- _Work required_
Lines from the one containing "ホログラフィフェイクック虹彩色オパール結晶クリエイティブ 名刺" through the end of the listing are what is wanted, given again exactly with both ends included and pictures left out.

══ Records for this task ══

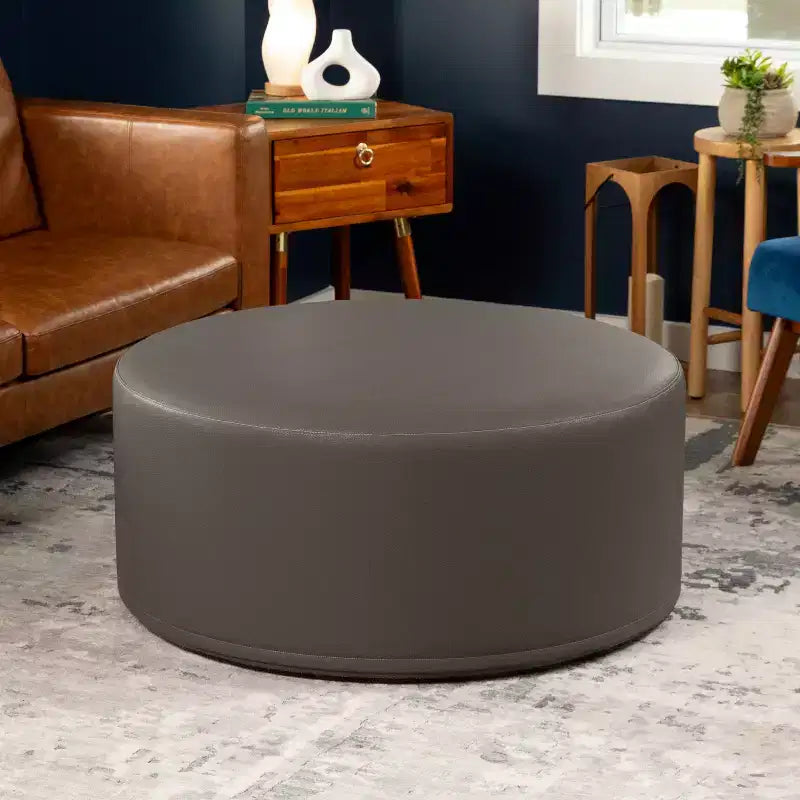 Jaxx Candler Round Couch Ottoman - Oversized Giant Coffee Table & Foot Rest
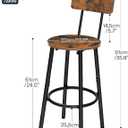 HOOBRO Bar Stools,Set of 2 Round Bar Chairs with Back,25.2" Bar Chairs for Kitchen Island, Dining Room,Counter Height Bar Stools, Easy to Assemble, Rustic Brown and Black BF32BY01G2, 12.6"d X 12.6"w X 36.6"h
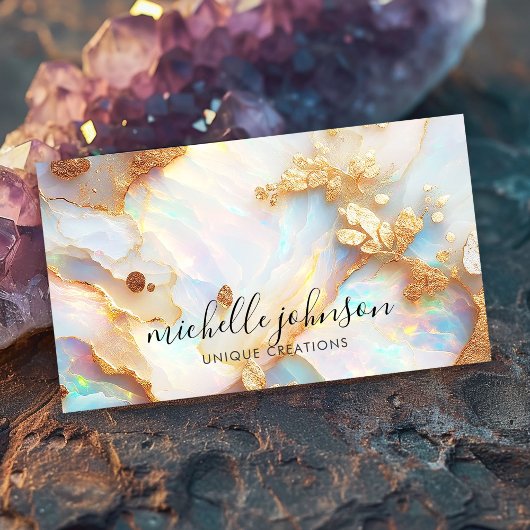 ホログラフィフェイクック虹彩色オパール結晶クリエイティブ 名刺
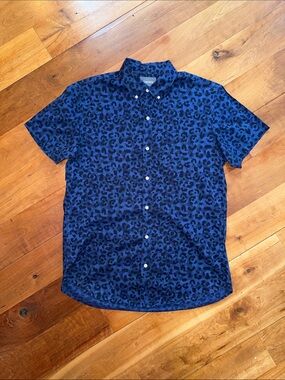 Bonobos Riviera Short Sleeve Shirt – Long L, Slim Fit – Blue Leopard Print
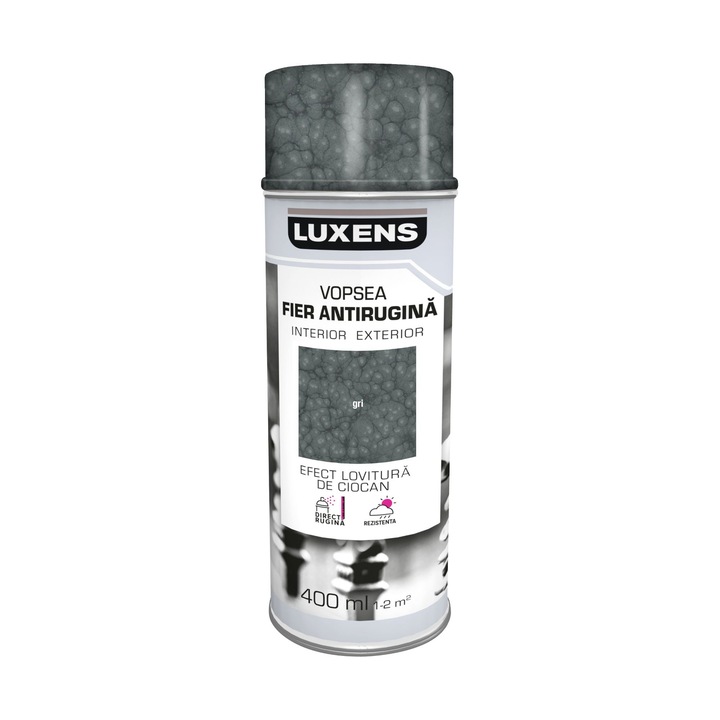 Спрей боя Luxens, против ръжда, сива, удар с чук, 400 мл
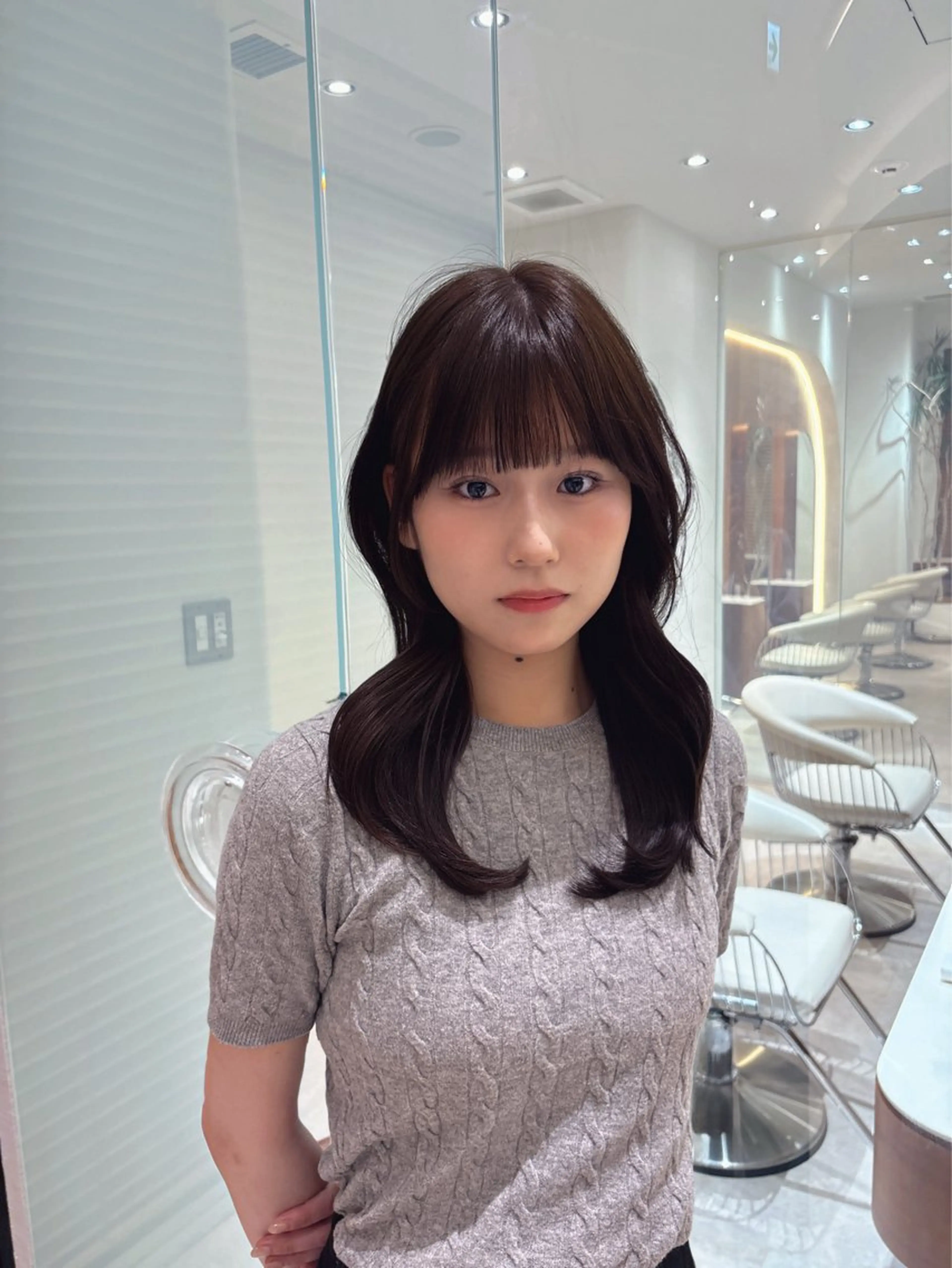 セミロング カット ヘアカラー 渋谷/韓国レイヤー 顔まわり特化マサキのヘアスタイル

═══

- _Task output_
 ホログラフィフェイクック虹彩色オパール結晶クリエイティブ 名刺
 Bonobos Riviera Short Sleeve Shirt – Long L, Slim Fit – Blue Leopard Print
 Спрей боя Luxens, против ръжда, сива, удар с чук, 400 мл
 セミロング カット ヘアカラー 渋谷/韓国レイヤー 顔まわり特化マサキのヘアスタイル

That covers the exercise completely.